Воду из колонки тоже таскали сами – по два ведра, которые стояли в холодной прихожей и зимой вечно обмерзали. Стирка была частая – в корыте. Вместо стиральной машины была доска «Амурские волны» – гофрированный цинковый лист в деревянной рамке – об него надо было тереть намыленное бельё. После такой стирки белье (и «черньё» тоже) надо было еще обязательно полоскать, что в моем детстве делалось в специальных мыльнях-купальнях с проточной водой, обустроенных на ручьях или на родниках. Особенно люто приходилось зимой – я сам не пробовал, но догадывался, какой это «кайф» в ледяной-то воде! Но никто не стонал, другой жизни мы не ведали: мероприятие веками отработанное и, в общем-то всем привычное и обыденное. Хотя сегодня, конечно, это полоскание в ледяной воде (да еще с обязательным битьём специальным валиком по жгуту из белья) выглядит дико.

С освещением (имеется в виду электричество) тоже было не все гладко. Если у отца в комнате под потолком висел шикарный абажур с обязательной бахромой, то у нас с бабкой на кухне почему-то была просто лампочка (ну очень часто перегоравшая) в традиционном капюшоне из газеты вместо плафона. Так тогда у многих было: то ли плафонов в продаже никаких не было, то ли денег на них жалели… С газетой было попроще, но она, правда, частенько начинала тлеть, а то и гореть, но это уже мелочь, лишь бы свет был.

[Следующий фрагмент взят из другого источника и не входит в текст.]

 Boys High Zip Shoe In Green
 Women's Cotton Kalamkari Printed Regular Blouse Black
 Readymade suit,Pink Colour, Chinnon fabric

Но вот как раз электричества частенько и не бывало: свет пропадал на часы, а то и на всю ночь. Я так понимаю, сети были ненадежные и провода гнилые – они вечно рвались от снега и льда, да и просто от ветра.

Сидели тогда при свечах или с керосиновой лампой (а я еще не говорил – телевизоров не было тогда вообще ни у кого, первые появились году в 65-66-м). Красота: полумрак, за окном вьюга, в печи потрескивают поленья, а моя престарелая бонна-донна Маргарита Михална рассказывает мне сказки.

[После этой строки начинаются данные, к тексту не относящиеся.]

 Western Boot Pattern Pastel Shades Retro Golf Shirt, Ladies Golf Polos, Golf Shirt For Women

Я разве о ней еще не упоминал?! – Боже! – да весь этот рассказ посвящен именно ей и навеян воспоминаниями об этой загадочной, но доброй старухе из далекого дореволюционного прошлого моей многострадальной Родины.

Читателю, наверное, понятно, что бабуля моя – Мария Васильевна – народный судья и член КПСС-ВКП(б) с довоенным стажем, сталинистка до мозга костей обязана была быть по определению лютой атеисткой. А вот хренушки! Да, икон и священных книг у нас не было. Но в душе моей любимой бабки коммунистки-краснокосыночной комсомолки 20-х годов все равно таился тысячелетний православный нравственный закон, поневоле вбитый в её сознание десятками поколений богобоязненных предков. От него избавляются только конченые негодяи, особо расплодившиеся в последнее время, но мы не о них.

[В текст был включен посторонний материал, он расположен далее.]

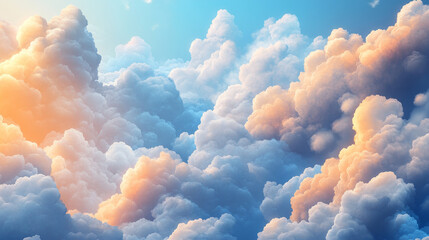 Realistic cloud sky seamless illustration vector set. Morning blue, orange sunrise and evening gray cloudy tile pattern. Cumulus fluffy square texture asset for computer game bright 3d design.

Городок наш, между прочим, известен был на Руси до октябрьского переворота как один из центров православия, таковым он остается и поныне. Но на ту большевистскую пору из двух десятков церквей и трех монастырей в городе действовала только одна, а в известном теперь на всю страну мужском монастыре тогда одновременно располагались: консервный завод, центральная больница с моргом, райпищекомбинат, детский дом №3, несколько неведомых контор и даже пара-тройка жилых двухэтажных домов.

Вокруг единственной на район действующей церкви (типовой постройки середины XIX века) толпилось, в том числе, множество юродивых, нищих, убогих непонятного происхождения, а главное, мест проживания и источников пропитания. Власти смотрели сквозь пальцы на это «рваньё», а местные церковники тогда не ездили на «Поршах», а как могли поддерживали на плаву эту братию собственными трудами и подаяниями – за что их тогда и уважали. Ведь известно, где юродивый – там и Боженька! Среди этой толпы мнимых и реальных нищих попадались личности действительно неординарные, выброшенные судьбой и Советской властью на обочину социализма без пенсиона и места жительства. Такова была и наша Маргарита Михална.